Updated: Vinny’s Barbershop owner, Omar Romero, announced in mid-May 2020 that he is closing his shops’ doors. He wrote on Instagram: “Ladies and Gentlemen, the time has come where we must thank you for making a dream become a reality for as long as it was.” Below writer Joe Tower previously paid tribute to why the shop, which opened in 2012, became a beloved neighborhood institution.

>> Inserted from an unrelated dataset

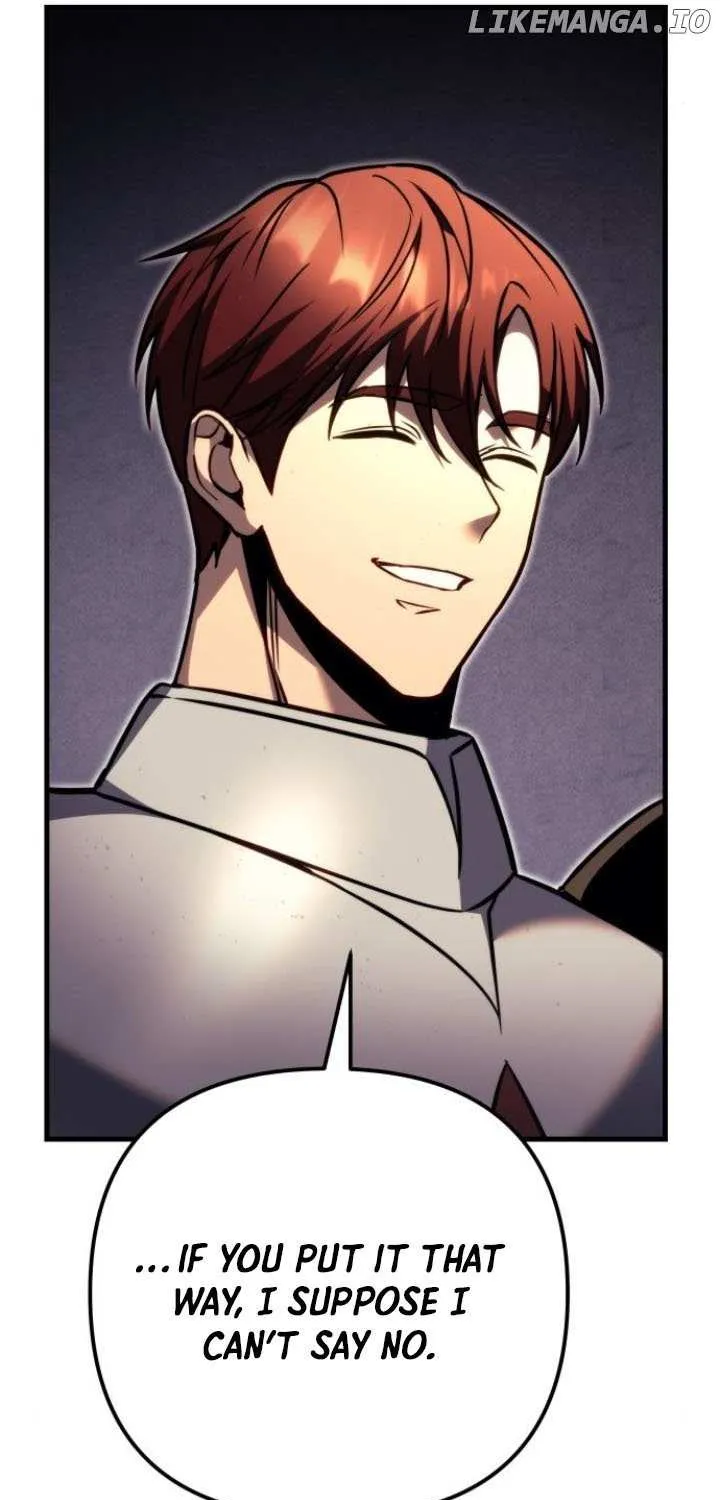 Regressor of the Fallen family Chapter 87 page 91 - 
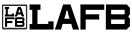 LAFB Network logo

As the wave of hipification continues to crash ever-eastward across L.A., leaving in its wake strewn bottles of wide-release Pinot Noir and pairs of discarded Uggs, independent neighborhood businesses often bail into the deep or get left out at sea.

In Virgil Village, however, peeking out from under the shadow of Los Feliz, local favorite Vinny’s Barber Shop has managed to hang on, even as artisanal marmalade cafes and free-trade drip coffeehouses frequently pop up as apparent harbingers of gentrification.

Proprietor Omar Romero, a San Diego native, opened Vinny’s as the answer to a calling. “The world needs barbers again,” Romero says. He believed that this Latinx enclave where he, his wife and son (the barbershop’s namesake) had relocated, was where it was possible for him to deliver.

Romero has a youthful vigor and is deft at wisecracks with his staff, but his matter-of-fact pragmatism is what undeniably accounts for the shop’s successful beginnings.

“A business plan is easy,” Romero says. “Execution isn’t.”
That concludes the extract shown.